* [The data]
+---+

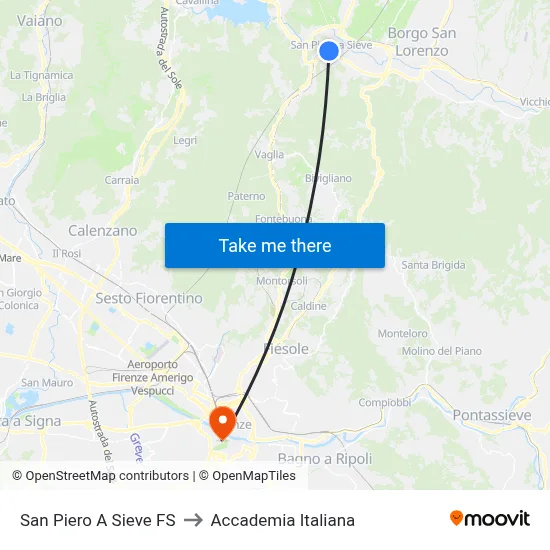 San Piero A Sieve Railway Station to Italian Academy map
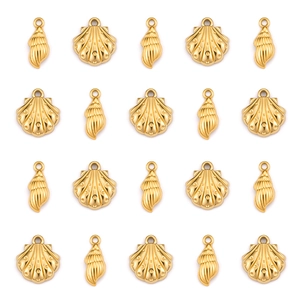 Pendentifs en acier inoxydable doré 18 carats en forme de coquillage pour bijoux DIY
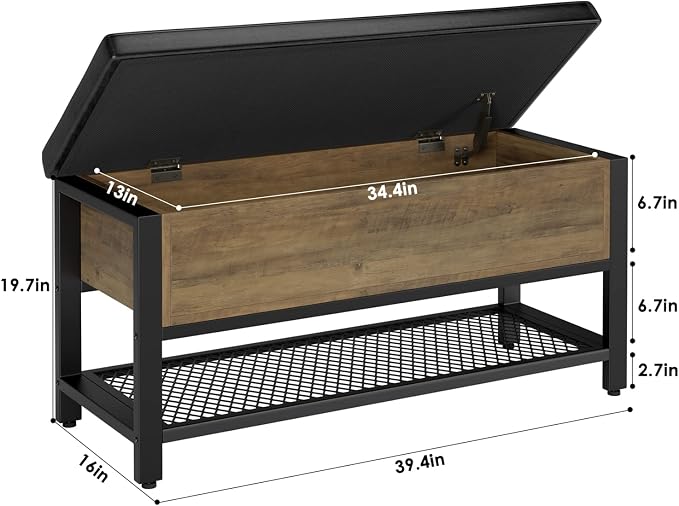 HOSTACK 40" W Storage Bench, Entryway Shoe Bench with Cushion, Rustic Brown | Wood Metal Bench with Flip-Open Hidden Storage, Ottoman Bench with Padded Seat & Shoe Rack for Hallway, Bedroom, Living Room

+---+

Write out each line of the data above exactly, starting at the top and finishing with the line containing "Pendentifs en acier"; omit the pictures.

 San Piero A Sieve Railway Station to Italian Academy map
 Pendentifs en acier inoxydable doré 18 carats en forme de coquillage pour bijoux DIY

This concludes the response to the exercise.